Hamburguesas y leones
Tengo que confesar que me he pasado el último año de mi vida intentando no entrar en el McDonald’s que hay enfrente de mi estudio de yoga

Tengo que confesar que he pasado el último año de mi vida intentando no entrar en el McDonald’s que hay enfrente de mi estudio de yoga, al lado de los contenedores. Hasta ayer.
No me arrepiento. A mi favor diré que el profesor parecía un monje budista capaz de adivinar el canto de los pájaros a través del ruido del tráfico. Un hombre que se ha dignado a interrumpir su retiro en las montañas para enseñarnos a los simples mortales que la vida puede ser mucho más placentera si renunciamos a nuestras obligaciones y nos retiramos a un templo.

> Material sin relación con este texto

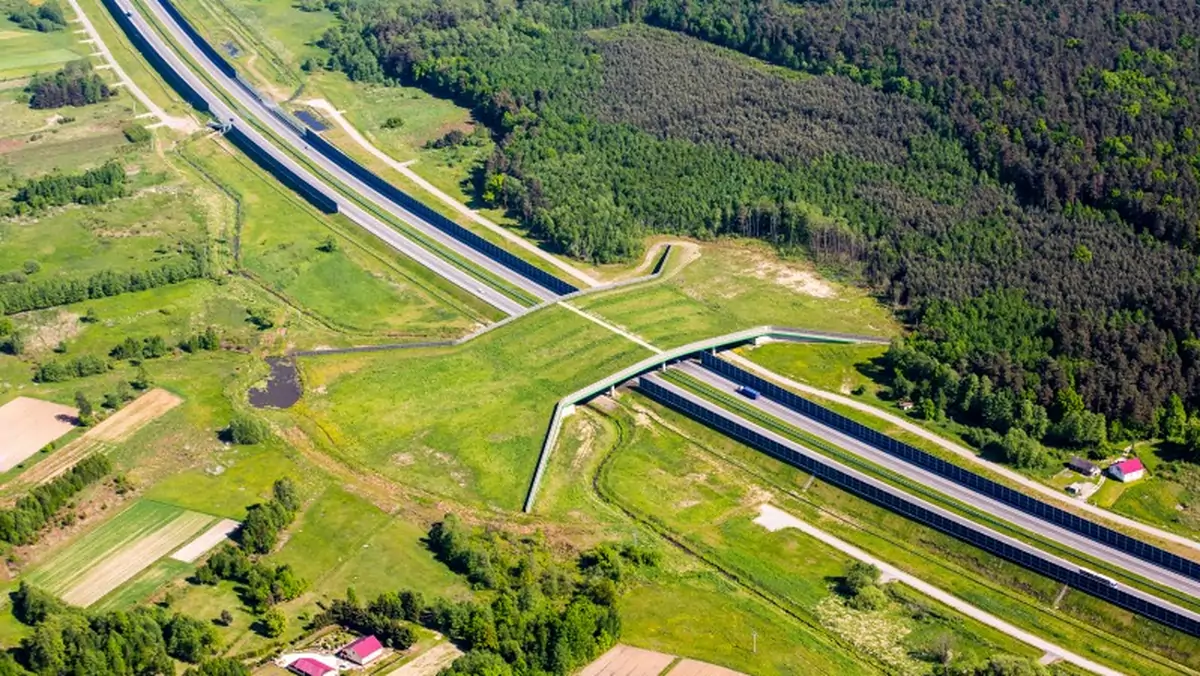 Przejście dla zwierząt. Autostrada A4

Y también, que me había equivocado de hora y estuve a punto de abandonar antes de empezar y que al no hacerlo me sentí una mujer adulta. Una mujer capaz de lidiar con problemas de adultos. Una mujer que tolera la frustración y acepta asistir a una clase de yoga que no es la suya. El tipo de mujer que se merece una hamburguesa después de sudar la camiseta.
Eran las doce del mediodía y el McDonald’s estaba vacío. Me senté en la mesa más alejada de la ventana para no ver los contenedores. Tardé un rato en decidir si quería un menú Cuarto de libra o un McFish. Hacía años que esperaba que volviesen a poner el McFish. Era una señal. Pedí un menú Cuarto de libra grande. Todo iba bien cuando empecé a comérmelo. Las patatas gajo estaban calientes, la Coca-Cola Zero estaba fría. Y aunque la hamburguesa tenía cebolla, no pude quejarme. Con la emoción del momento había olvidado pedirla sin ella. El problema fue que un chico de unos veinticinco años se sentó en el sofá de enfrente y empezó a rugir como un león.
En yoga, la postura del rugido del león consiste en sentarse sobre nuestras rodillas, estirar los brazos y los dedos, sacar la lengua hacia la garganta y rugir como un león. La diferencia con el rugido de aquel chico era que su león parecía un gato asustado. Un gato al que han dejado solo en casa. Un gato que, al igual que yo, ha elegido un McDonald’s en el centro para descargar su ansiedad. Tuve ganas de rugir con él. Eso es lo que hubiese hecho una mujer adulta. En mi caso, me limité a terminarme la hamburguesa y beberme la Coca-Cola con los AirPods puestos. Puede que durante el año que he evitado entrar en McDonald’s no haya conseguido que mi vida fuera mejor, quizá debería plantearme la posibilidad de vivir en un templo.